Carville wants the power to pursue what he believes is the agenda that needs to be set for the US.  But he's concerning himself with acquiring power now and setting the agenda later, rather than the other way around.  And when you place power before principle, that's how you get corruption.  I don't mean corruption in the standard political sense.  I mean corruption in the dictionary sense: that of a process by which something original is debased and altered such that its original purpose no longer exists.  Something like what happened with the Tea Party - it began as a middle class movement responding to bad economic trends (mostly connected to 2008) and ended up becoming a political group that wields power in the House and the Senate.  (See The Newsroom for more.)

Carville is assuming that once the Democrats acquire the power they need to make the changes they want, that men like him will still be in control of the process.  They won't.  Or at the least, there is no guarantee that they will.  Carville may wake up one morning with the Democrats having control of the White House and Congress only to discover that the people he has placed in power have no interest in doing what he wants them to do.

On the other hand, if Carville takes the time to look for and promote the right candidate - someone who does share his interests and agenda - then it might very well be a time before that happens, and it might be such that the opposition wins in that time.  And that becomes the question, then.

Do you allow for the possibility that others might lead while you gather your forces, but ensure that when you win, the winners follow your plan?

Or would you rather strike now, denying the opposition any chance of leadership, but risk the thing you've unleashed being something you cannot control?

Lexandria

I'm just here to lament Andrew Yang suspending his campaign; I really liked him, his approach to data and making decisions, and his ideas and vision for the future.
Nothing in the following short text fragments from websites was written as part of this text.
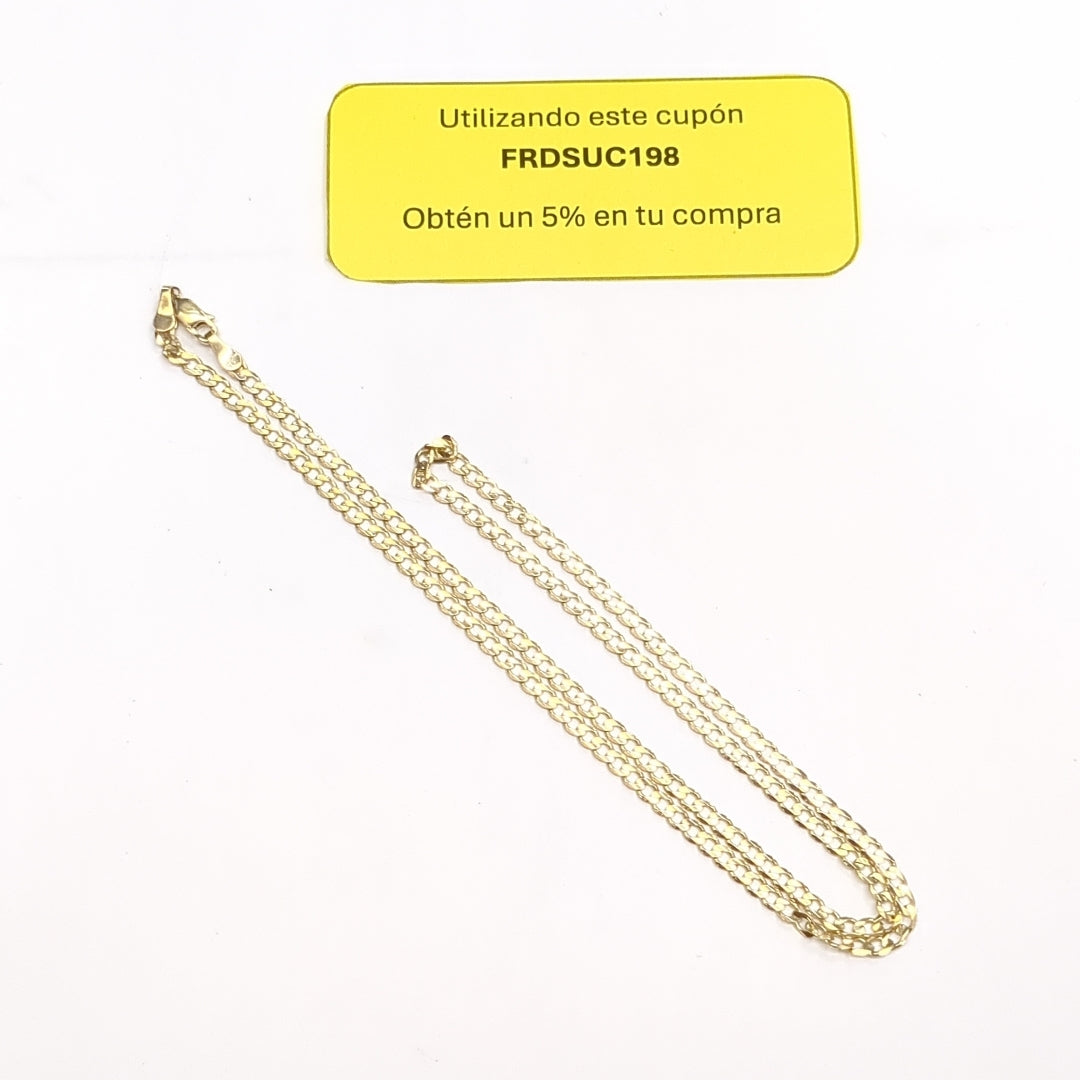 CADENA TEJIDO BARBADA 14K 55 CM 8.3 GR (NUEVO)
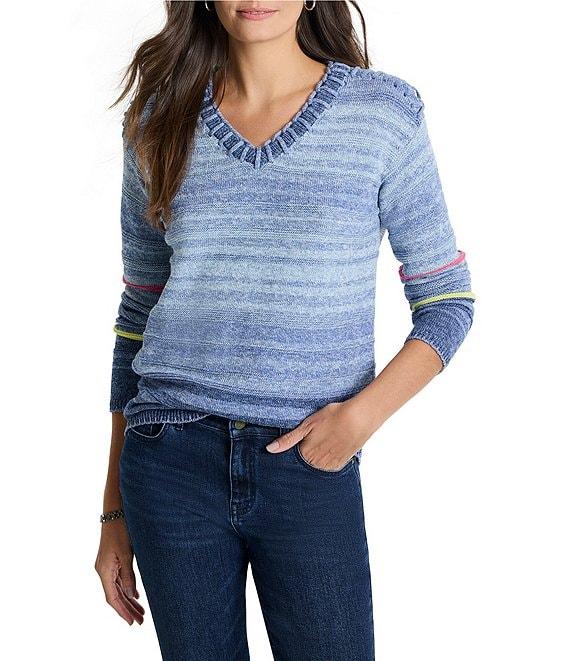 NIC + ZOE Denim Days Knit V-Neck Long Sleeve Dropped Shoulder Sweater Product Image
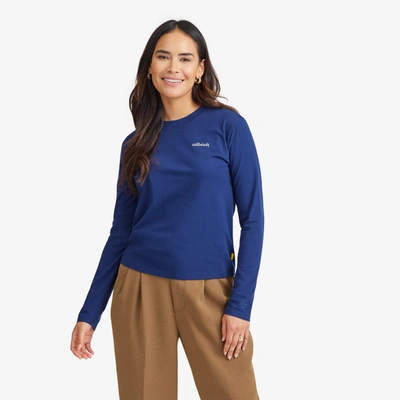 Shop Allbirds Women's Organic Cotton Long Sleeve Tee In Logo - Deep Navy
His campaign have me hope for the future that the other candidates couldn't come close to capturing. And I liked that he was always positive and chill and didn't attack people, but ideas/actions.

Hoping he might land a VP pick from whoever comes out on top, as it would help him get some political cred if he decides to run again. Or maybe he'll try other avenues of achieving a better future.

Humble Scribe

I know it's pronounced Boot-edge-edge, but I still can't stop myself calling him Butty-Geeg.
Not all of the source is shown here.